Court documents shed light on We Build the Wall Kolfage fraud case
MIRAMAR BEACH — A status conference on the federal wire fraud and money laundering charges lodged against local wounded warrior Brian Kolfage is scheduled for Thursday afternoon via teleconference through the U.S. District Court for the Southern District of New York, according to recent court filings.
In the meantime, recently unsealed court documents provide additional insights into proceedings against Kolfage, a retired Air Force senior airman who lost both legs and his right hand in a 2004 rocket attack in Iraq.
Kolfage would go on to become involved in a number of conservative causes, and in 2018 he began a GoFundMe campaign to raise funds to help the federal government build sections of wall along the U.S.-Mexico border. By early 2019, with donations stalled at $20 million, Kolfage created the nonprofit We Build The Wall Inc. to fund private construction of sections of border wall.
Ultimately, the nonprofit would spend $8.5 million on an almost mile-long section of border wall in Sunland Park, New Mexico, and allocated an additional $1.5 million to construction of a 3.5-mile section of wall built by a contractor operating separately from the nonprofit.
But in August, Kolfage was indicted by a federal grand jury in the Southern District of New York — some donations to the nonprofit came from within that court's jurisdiction — on charges that $350,000 in donations were improperly steered to him.
Indicted along with Kolfage were former Trump administration political strategist Steve Bannon, to whom $1 million in donations were allegedly improperly steered. Also indicted were Florida resident Andrew Badolato of Sarasota County and Denver businessman Timothy Shea, both charged with being involved in steering the nonprofit's money to Kolfage.
The four men each face a maximum penalty of 40 years in prison in a prosecution that Kolfage has maintained is politically motivated.
Recent filings in the case include the unsealing of a motion filed on behalf of Kris Kobach, counsel to We Build The Wall, seeking to have at least some of the nonprofit's funds released in order to pay Kobach and meet other obligations of We Build The Wall Inc.
The unsealed motion, made publicly available Tuesday, confirms that We Build the Wall Inc., created in late 2018 as a Florida nonprofit organization, was "administratively dissolved" by the state "for missing a September 18, 2020, deadline to make a filing and pay a $61.25 annual fee."

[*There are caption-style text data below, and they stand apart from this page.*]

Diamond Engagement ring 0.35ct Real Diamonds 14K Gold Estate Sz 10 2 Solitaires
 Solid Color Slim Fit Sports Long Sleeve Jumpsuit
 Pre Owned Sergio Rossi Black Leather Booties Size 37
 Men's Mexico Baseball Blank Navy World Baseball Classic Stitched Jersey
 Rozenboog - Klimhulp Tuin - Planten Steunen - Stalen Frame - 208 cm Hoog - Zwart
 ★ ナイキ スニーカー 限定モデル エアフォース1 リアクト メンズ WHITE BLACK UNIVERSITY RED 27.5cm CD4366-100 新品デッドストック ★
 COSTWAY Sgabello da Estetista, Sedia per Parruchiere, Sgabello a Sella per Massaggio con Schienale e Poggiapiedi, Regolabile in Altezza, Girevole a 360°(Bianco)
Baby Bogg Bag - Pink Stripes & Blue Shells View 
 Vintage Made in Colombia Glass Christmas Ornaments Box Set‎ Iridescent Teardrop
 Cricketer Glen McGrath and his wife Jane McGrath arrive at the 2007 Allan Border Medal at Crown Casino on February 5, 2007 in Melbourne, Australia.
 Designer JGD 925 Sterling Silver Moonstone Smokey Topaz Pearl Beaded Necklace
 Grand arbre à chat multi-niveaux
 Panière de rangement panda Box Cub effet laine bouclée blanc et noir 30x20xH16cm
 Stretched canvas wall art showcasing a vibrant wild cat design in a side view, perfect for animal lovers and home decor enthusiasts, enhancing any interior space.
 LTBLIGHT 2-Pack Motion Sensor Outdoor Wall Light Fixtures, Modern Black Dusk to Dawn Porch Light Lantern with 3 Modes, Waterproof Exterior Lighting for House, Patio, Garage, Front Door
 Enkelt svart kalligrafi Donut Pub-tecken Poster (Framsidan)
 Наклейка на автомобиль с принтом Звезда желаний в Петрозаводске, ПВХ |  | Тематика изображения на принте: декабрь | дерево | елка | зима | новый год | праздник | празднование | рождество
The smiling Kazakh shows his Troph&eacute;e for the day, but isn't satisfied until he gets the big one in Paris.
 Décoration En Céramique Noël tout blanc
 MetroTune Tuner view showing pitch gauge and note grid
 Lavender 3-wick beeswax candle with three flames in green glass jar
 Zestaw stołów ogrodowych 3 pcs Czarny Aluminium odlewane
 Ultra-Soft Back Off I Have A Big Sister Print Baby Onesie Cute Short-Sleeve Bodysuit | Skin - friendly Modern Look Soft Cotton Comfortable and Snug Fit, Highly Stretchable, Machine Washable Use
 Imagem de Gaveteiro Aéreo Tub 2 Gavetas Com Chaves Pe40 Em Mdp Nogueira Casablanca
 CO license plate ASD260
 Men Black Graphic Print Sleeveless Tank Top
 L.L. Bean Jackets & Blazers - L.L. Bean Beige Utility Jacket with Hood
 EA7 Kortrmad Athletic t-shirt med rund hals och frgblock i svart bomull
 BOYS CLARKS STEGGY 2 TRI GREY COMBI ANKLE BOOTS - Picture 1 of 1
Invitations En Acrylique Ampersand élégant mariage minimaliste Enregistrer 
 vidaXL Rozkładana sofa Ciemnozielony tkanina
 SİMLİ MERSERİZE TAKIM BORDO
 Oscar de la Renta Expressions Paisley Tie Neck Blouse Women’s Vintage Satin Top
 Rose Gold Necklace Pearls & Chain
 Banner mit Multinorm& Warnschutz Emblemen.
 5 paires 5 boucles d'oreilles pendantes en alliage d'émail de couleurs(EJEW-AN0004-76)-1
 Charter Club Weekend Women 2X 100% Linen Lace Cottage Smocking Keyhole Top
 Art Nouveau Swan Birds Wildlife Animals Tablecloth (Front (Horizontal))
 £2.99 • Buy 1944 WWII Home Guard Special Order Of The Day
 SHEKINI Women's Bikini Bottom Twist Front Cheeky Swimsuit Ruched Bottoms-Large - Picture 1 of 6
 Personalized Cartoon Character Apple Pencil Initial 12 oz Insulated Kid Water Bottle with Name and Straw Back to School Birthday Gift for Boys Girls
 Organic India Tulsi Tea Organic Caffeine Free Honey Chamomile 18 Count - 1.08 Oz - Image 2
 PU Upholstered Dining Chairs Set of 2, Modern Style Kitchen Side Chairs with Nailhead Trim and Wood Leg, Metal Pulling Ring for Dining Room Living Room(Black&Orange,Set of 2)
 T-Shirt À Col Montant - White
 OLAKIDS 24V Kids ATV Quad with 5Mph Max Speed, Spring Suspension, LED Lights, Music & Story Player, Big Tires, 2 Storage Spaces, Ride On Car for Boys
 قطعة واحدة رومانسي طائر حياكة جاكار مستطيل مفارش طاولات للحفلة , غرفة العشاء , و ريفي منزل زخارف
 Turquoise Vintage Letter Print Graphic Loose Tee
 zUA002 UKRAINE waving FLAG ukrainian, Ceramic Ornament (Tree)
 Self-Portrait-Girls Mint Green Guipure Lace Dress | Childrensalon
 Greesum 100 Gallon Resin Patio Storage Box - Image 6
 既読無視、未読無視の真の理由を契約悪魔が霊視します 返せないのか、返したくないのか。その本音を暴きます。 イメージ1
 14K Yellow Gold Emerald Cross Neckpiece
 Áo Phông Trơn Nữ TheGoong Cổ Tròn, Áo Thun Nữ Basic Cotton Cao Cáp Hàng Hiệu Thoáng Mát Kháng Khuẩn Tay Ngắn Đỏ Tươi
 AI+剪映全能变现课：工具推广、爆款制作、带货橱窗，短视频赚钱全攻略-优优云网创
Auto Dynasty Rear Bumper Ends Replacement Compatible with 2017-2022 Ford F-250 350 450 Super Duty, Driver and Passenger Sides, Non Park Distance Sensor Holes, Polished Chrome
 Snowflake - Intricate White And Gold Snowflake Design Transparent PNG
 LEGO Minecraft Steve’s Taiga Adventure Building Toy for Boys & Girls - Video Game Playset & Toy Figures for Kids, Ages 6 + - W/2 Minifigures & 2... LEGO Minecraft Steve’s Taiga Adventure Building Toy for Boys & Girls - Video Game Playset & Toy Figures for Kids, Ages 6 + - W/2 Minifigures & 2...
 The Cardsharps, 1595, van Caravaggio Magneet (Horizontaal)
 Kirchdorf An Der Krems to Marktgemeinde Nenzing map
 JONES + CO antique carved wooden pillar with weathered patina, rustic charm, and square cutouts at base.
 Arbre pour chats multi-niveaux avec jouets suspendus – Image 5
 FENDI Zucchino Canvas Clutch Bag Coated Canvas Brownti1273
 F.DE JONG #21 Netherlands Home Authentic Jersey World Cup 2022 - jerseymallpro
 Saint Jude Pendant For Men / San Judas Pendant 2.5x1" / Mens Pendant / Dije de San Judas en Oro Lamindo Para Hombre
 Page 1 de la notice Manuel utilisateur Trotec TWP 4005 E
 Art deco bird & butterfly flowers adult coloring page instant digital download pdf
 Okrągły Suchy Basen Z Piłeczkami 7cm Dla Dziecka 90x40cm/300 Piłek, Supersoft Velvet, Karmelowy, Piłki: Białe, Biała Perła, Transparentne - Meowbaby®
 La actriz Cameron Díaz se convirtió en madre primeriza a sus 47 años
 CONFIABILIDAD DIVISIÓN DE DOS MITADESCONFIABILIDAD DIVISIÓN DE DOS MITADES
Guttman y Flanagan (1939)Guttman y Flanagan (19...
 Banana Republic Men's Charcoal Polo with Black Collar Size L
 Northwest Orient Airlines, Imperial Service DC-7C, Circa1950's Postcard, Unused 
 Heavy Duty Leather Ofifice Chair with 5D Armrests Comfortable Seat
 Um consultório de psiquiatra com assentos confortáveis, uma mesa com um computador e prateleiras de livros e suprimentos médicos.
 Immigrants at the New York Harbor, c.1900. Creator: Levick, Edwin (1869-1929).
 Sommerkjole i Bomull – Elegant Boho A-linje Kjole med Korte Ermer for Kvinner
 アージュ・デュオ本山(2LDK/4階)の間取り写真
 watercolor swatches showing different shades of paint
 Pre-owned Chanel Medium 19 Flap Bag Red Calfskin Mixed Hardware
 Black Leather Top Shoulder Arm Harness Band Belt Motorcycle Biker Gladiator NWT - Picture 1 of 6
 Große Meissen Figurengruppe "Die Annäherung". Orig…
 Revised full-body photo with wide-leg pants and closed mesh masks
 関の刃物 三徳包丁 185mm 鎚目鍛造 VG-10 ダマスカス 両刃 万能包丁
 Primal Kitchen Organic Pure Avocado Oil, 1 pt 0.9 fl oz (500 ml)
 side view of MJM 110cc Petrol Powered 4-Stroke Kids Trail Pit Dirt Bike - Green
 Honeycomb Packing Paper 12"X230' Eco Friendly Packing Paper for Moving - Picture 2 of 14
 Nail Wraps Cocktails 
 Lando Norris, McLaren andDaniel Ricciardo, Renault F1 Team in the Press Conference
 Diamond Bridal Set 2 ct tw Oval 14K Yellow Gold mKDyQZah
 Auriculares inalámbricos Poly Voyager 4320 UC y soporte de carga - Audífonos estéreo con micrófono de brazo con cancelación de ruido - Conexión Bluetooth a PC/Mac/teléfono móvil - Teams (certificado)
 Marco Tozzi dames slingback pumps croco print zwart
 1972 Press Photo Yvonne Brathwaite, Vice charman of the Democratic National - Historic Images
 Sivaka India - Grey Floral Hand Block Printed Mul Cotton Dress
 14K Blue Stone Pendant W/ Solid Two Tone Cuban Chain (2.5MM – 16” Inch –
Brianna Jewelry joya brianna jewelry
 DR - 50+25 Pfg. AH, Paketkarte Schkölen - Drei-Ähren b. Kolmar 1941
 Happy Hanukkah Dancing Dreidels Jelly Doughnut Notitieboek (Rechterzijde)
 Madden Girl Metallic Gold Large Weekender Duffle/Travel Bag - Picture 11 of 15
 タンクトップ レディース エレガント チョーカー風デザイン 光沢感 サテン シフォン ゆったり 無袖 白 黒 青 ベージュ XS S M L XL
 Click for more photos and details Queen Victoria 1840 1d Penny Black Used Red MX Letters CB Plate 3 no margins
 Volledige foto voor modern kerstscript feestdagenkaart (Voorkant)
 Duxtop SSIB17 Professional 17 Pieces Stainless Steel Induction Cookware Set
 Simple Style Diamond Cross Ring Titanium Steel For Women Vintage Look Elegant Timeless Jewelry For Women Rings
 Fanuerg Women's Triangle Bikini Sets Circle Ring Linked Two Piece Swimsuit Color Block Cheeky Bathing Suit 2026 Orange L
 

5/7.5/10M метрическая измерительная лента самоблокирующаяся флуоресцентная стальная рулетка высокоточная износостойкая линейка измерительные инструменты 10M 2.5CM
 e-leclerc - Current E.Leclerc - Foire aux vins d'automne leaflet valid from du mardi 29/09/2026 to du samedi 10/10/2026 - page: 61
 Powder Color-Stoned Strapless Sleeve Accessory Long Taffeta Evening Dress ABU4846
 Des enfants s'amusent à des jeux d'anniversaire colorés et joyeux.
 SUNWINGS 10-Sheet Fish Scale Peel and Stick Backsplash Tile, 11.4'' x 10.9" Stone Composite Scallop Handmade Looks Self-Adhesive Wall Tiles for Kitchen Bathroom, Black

Reinstating We Build The Wall would require reapplying to the state of Florida and paying a $175 reinstatement fee. As of Wednesday, the Division of Corporations of the Florida Department of State continued to list We Build The Wall as "inactive" and indicated that the administrative dissolution had been filed in September, a month after grand jury indictments were handed down against Kolfage and the three other defendants.
There are only two other documents in the Division of Corporation's file on We Build The Wall, and neither provides any information on the nonprofit organization's finances.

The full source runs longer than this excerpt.